For -3dB at 20Hz then the value of the coupling capacitor would be 8uF and for a flat response at 20Hz the capacitor value should be 40uF which is huge.
Why are the resistor values so low? I would use 470k and 10k for the same gain as you have (using a modern OPA2134 dual audio opamp) then the input impedance would be 10 times higher and the capacitor values would be 1/10th. The OPA2134 is low noise and low distortion and has Jfet inputs with almost no input bias current.
If the opamp has a high input bias current then the other input should have a resistor to ground with the same value as the feedback resistor, and a capacitor to ground.
Yes on the resistor, no on the capacitor. The "other input" is the non-inverting one, and needs a DC path to GND (or some other voltage) to set the output DC voltage level.
Maybe.
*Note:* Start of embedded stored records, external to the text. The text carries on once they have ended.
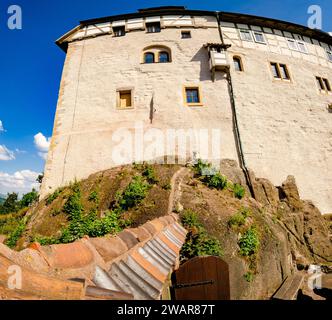 Westmauer mit Außengelände der Wartburg in Eisenach, Thüringen Stockfoto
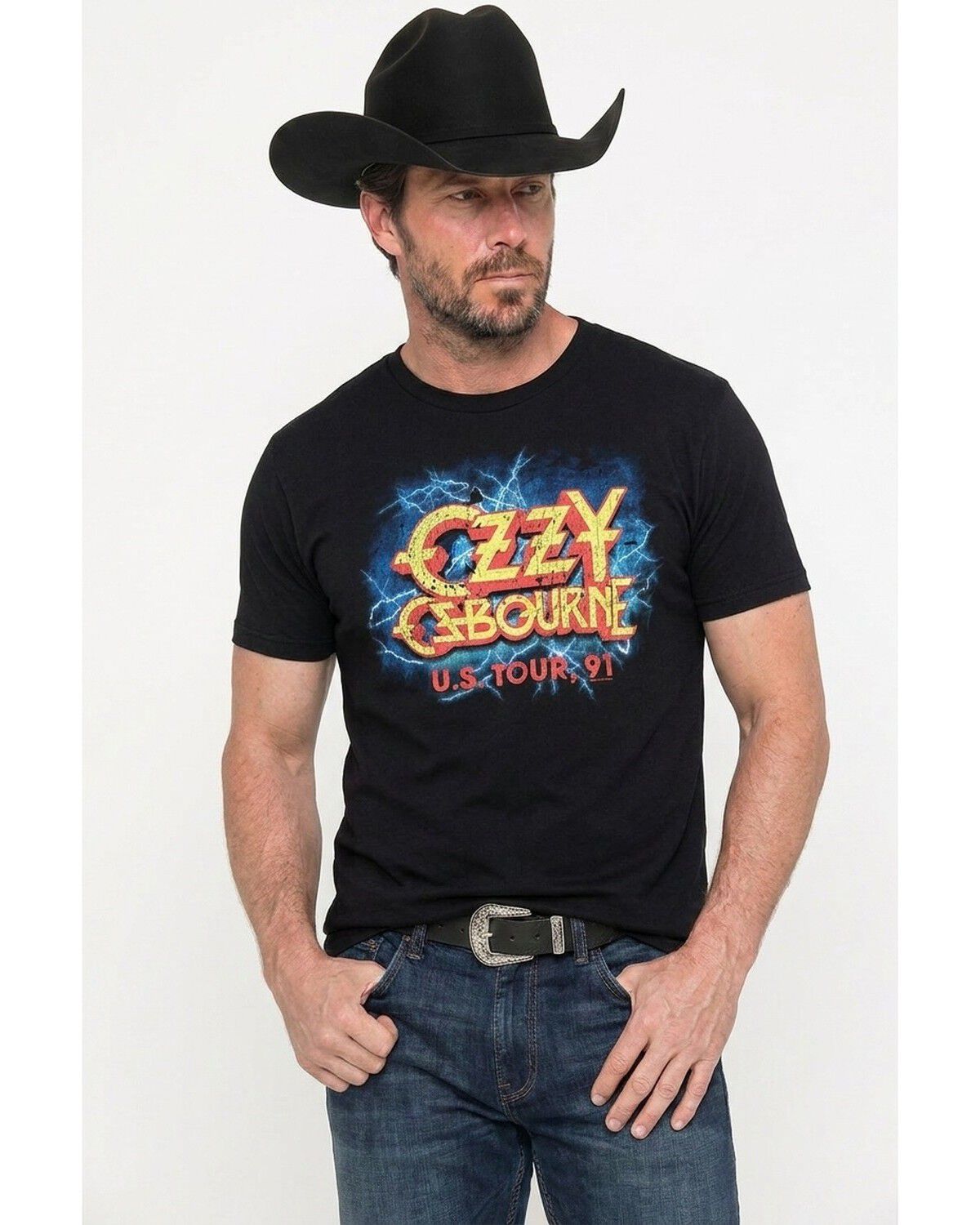 Americana Men's Ozzy Osbourne Tour of Oz Short Sleeve Graphic T-Shirt, Black, hi-res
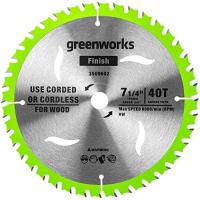 Пильный диск по дереву для циркулярной пилы GREENWORKS 184x1.75/1.13x20 мм 40T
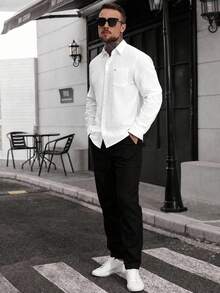Manfinity CasualCool Men's Long Sleeve Single-Breasted Casual Pocket Shirt, Ceremony - White - View 3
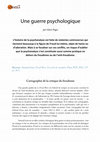 Research paper thumbnail of (2018) Recension de Claire Pagès, "Une guerre psychologique" (La vie des idées)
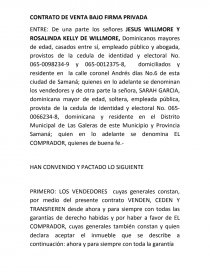 CONTRATO DE VENTA BAJO FIRMA PRIVADA. Página 1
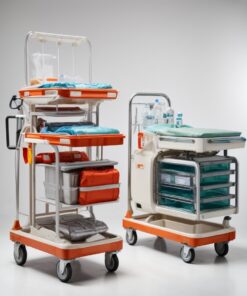 5 drawer Emergency trolley - red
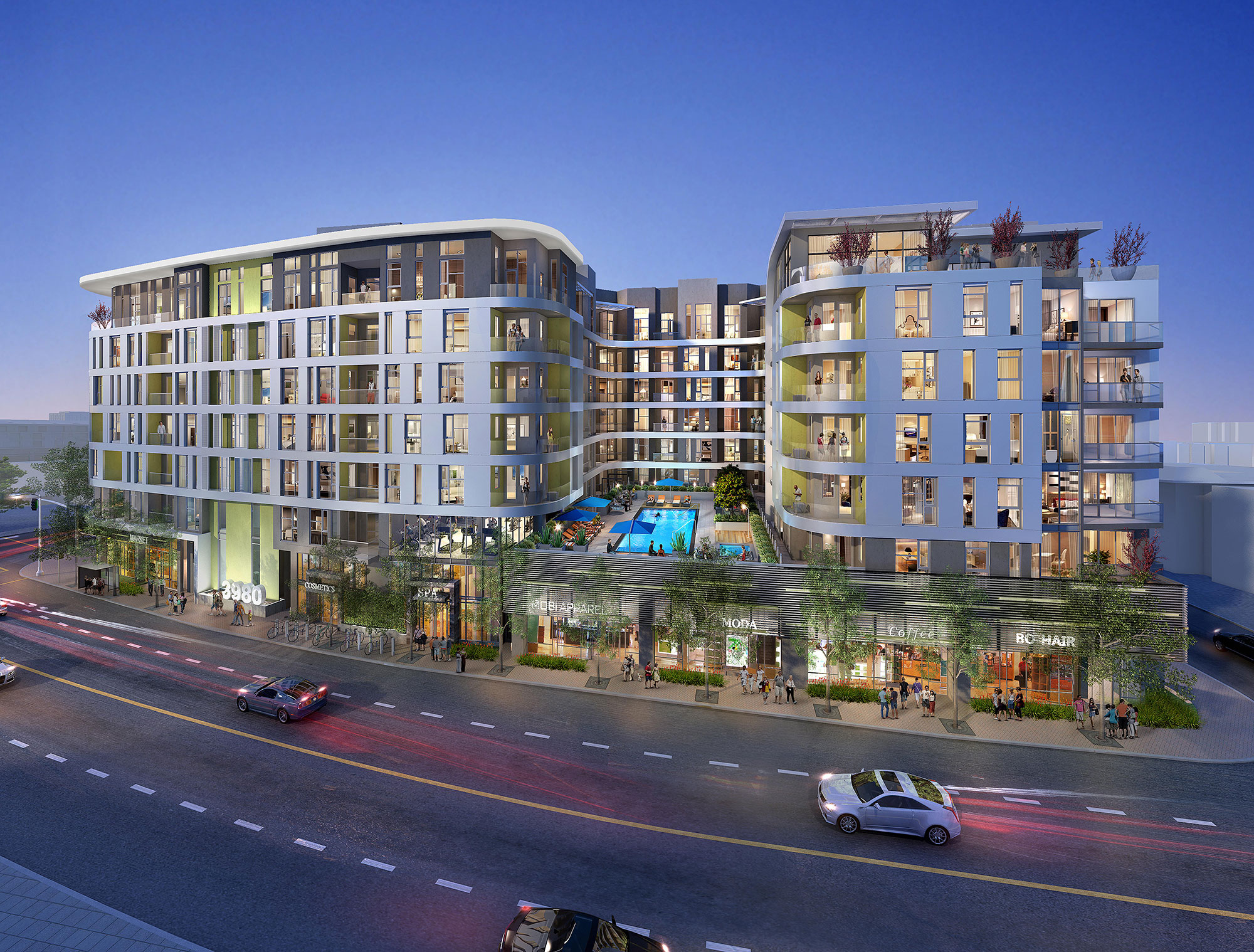 3980 Wilshire Boulevard | Mixed-Use Podium Apartments | Retail | Los Angeles, California | KTGY Architecture + Planning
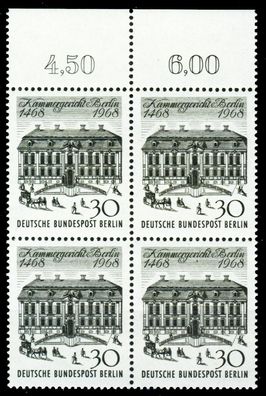 BERLIN 1968 Nr 320 postfrisch Viererblock ORA X2C2C52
I took it to be a series cap, same as what you would use in a non-inverting amp configuration from the inverting input to GND. But he might mean a cap in parallel with the bias current balancing resistor. Don't think I've seen that before.
"The other input should have a resistor to ground and a capacitor to ground" so of course they are parallel, not in series. The bypass capacitor prevents interference pickup. But a modern opamp with a very low input bias current does not need them.